Michel Lussault : Ces programmes s’imposeront dans la durée
Après des semaines de campagnes violentes contre le travail du CSP, après les demandes de députés et de sénateurs de supprimer cette nouvelle institution, après les accusations de dépendance envers l’administration, la présentation des programmes devant le CSP marque la fin de plusieurs mois épuisants. Michel Lussault revient sur les nombreuses critiques portées sur ces textes et sur les attaques tous azimuths. « On n’a cédé à rien », dit-il. Pour lui, les programmes ont leur cohérence. Mieux ils ont un avenir. « Ces programmes s’imposeront dans la durée parce qu’ils permettent aux enseignants de faire acte de création didactique et de réaliser véritablement leur expertise »
Le programme qui semble-t-il a été le plus critiqué c’est celui d’histoire-géographie. Avez-vous trop cédé aux conclusions du forum organisé en Sorbonne ?
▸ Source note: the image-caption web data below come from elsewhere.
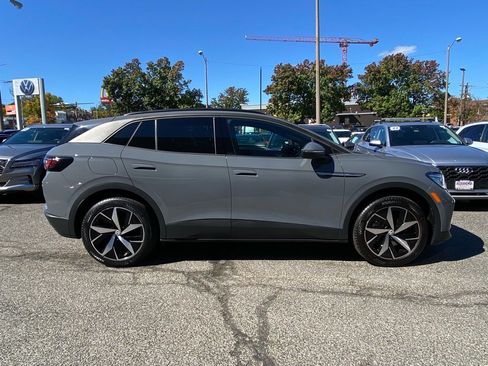 Used 2023 Volkswagen ID.4 Pro S image 2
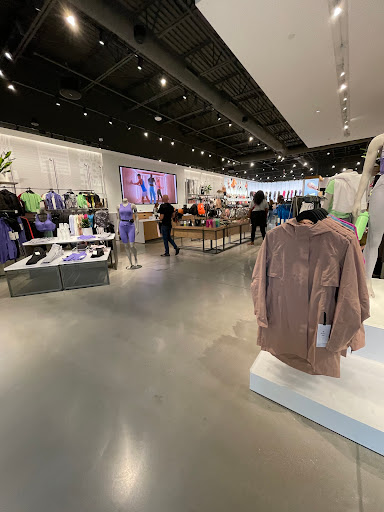 Sportswear Store «lululemon», reviews and photos, 2223 N Westshore Blvd #264, Tampa, FL 33607, USA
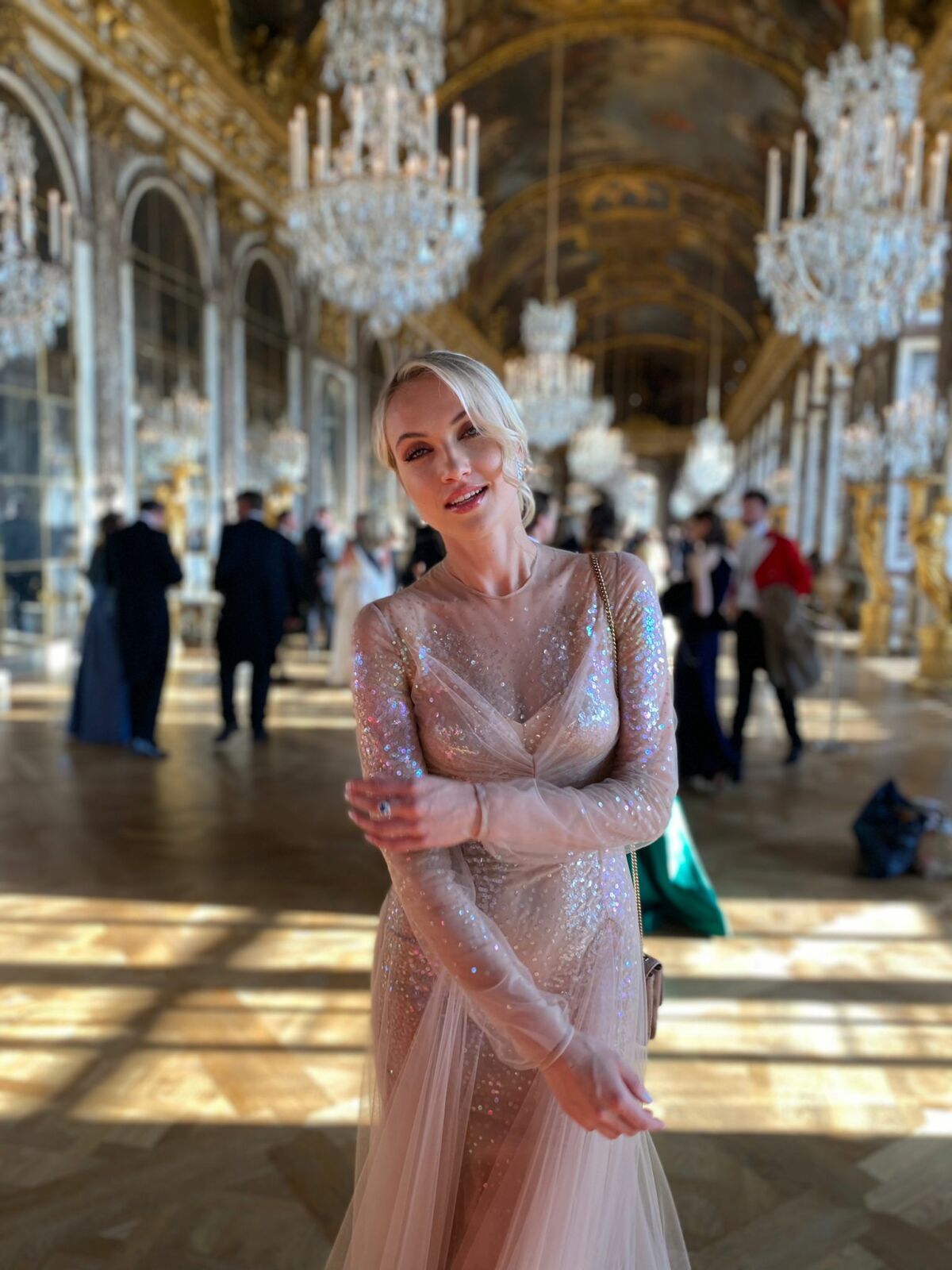 Michaela Tomanova en Julien Fournié pour un bal au Château de Versailles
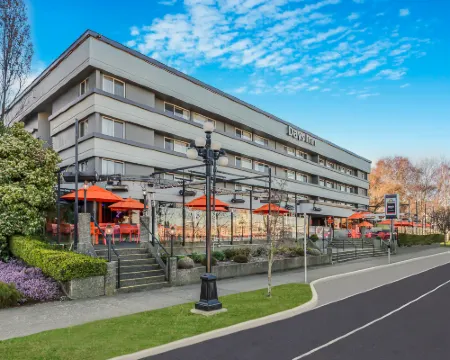 Days Inn by Wyndham Victoria on the Harbour Hotels in Victoria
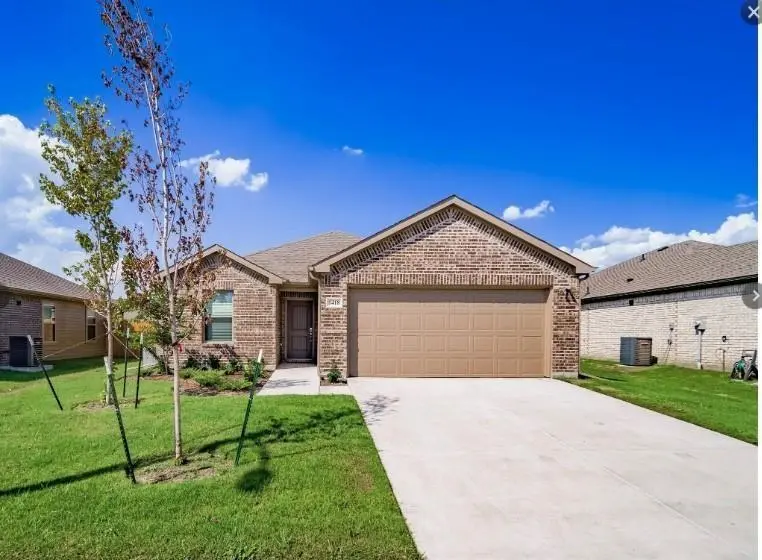 1418 Brindle Drive, Greenville, TX 75402
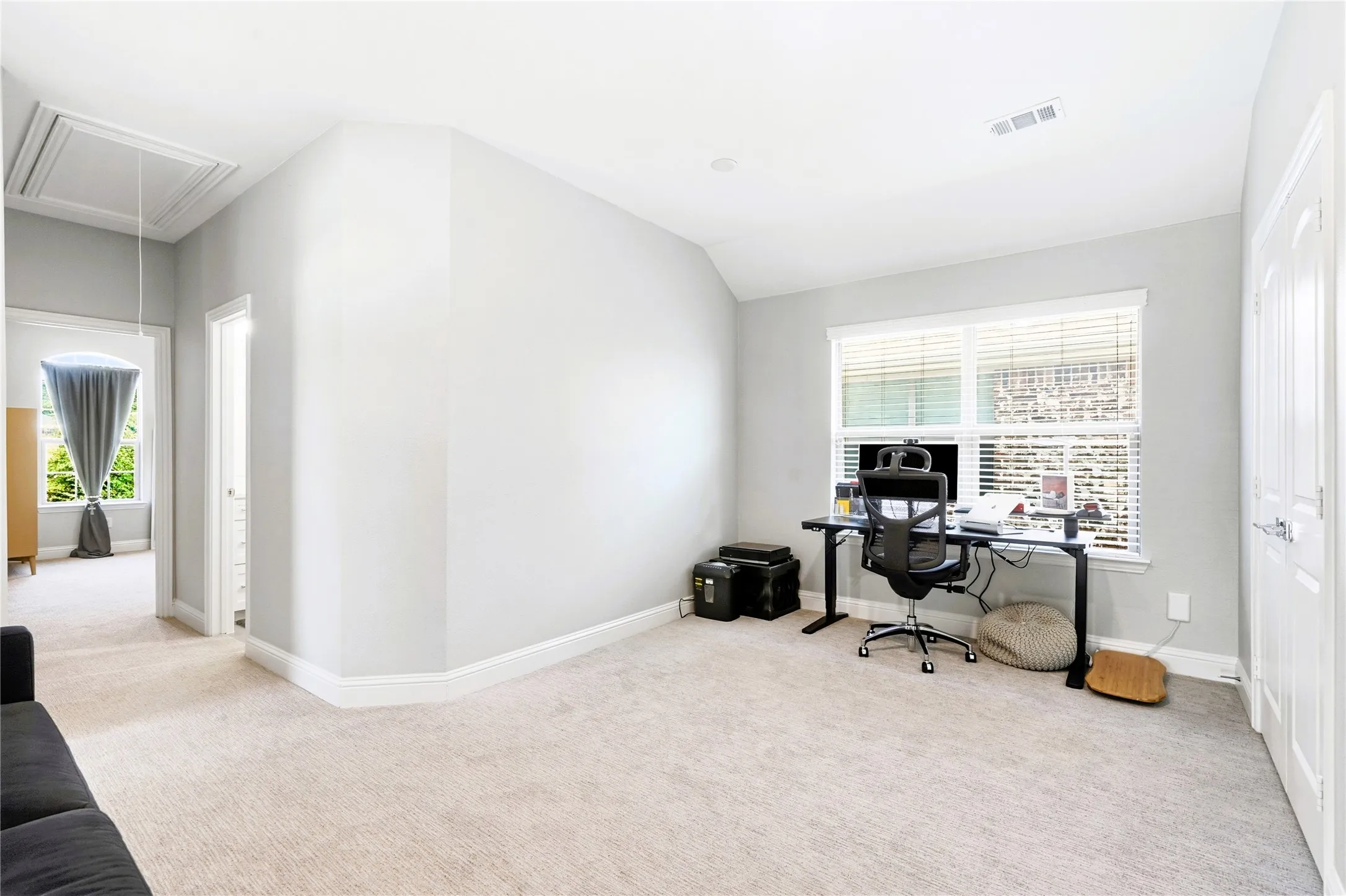 Single Family Residence For Sale in Dallas County , 704 Davinci Court, Coppell, Texas 75019, 4 Bedroom, 3 Bathroom, 2 Garage spaces, 2,572 Sqft, built in 2013, mls#21338250, Real Estate Agent in Coppell, Homes For Sale in Dallas county, Homes For Sale in Coppell, Realtor in Coppell Texas, Real Estate Brokerage Independent Realty Texas, Luminita Cordes Realtor
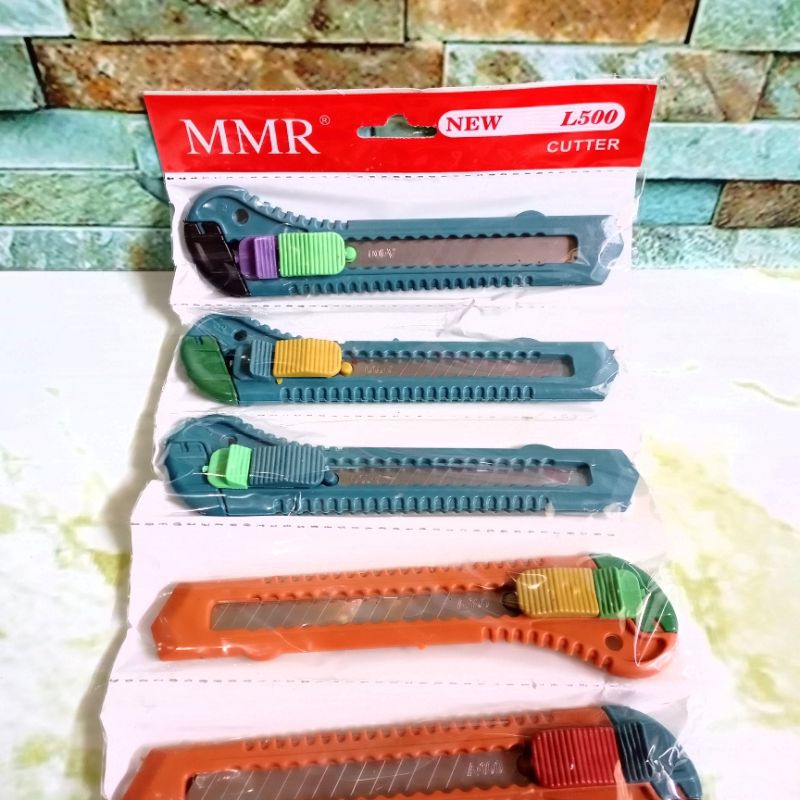 

1pcs CUTTER - KATER - UK BESAR - TAJAM EKONOMIS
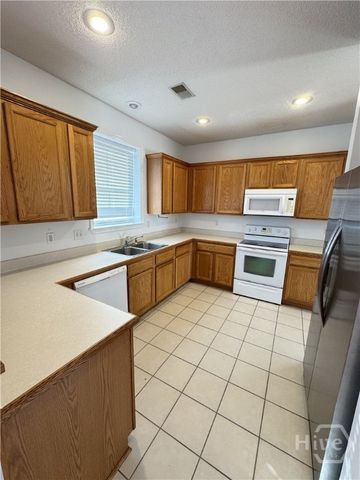 4 Greatwood Way, Savannah, GA 31407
On n’a cédé à rien. On a analysé les retours venus de la consultation, des inspections, des débats, y compris les débats médiatiques. Et on a essayé de répondre aux interrogations en particulier sur la faisabilité du programme d’histoire où il y avait des choix proposés aux enseignants. Si on a finalement renoncé au choix, et je l’avais dit le jour même du colloque en Sorbonne, c’est que l’on n’a pas trouvé de solution non ambigüe pour maintenir les choix. On est toujours retombé sur l »écueil de pouvoir donner à penser qu’on abandonnait tel point important. La seule solution que l’on a trouvé c’est une liste d ethèmes classiques et imposés.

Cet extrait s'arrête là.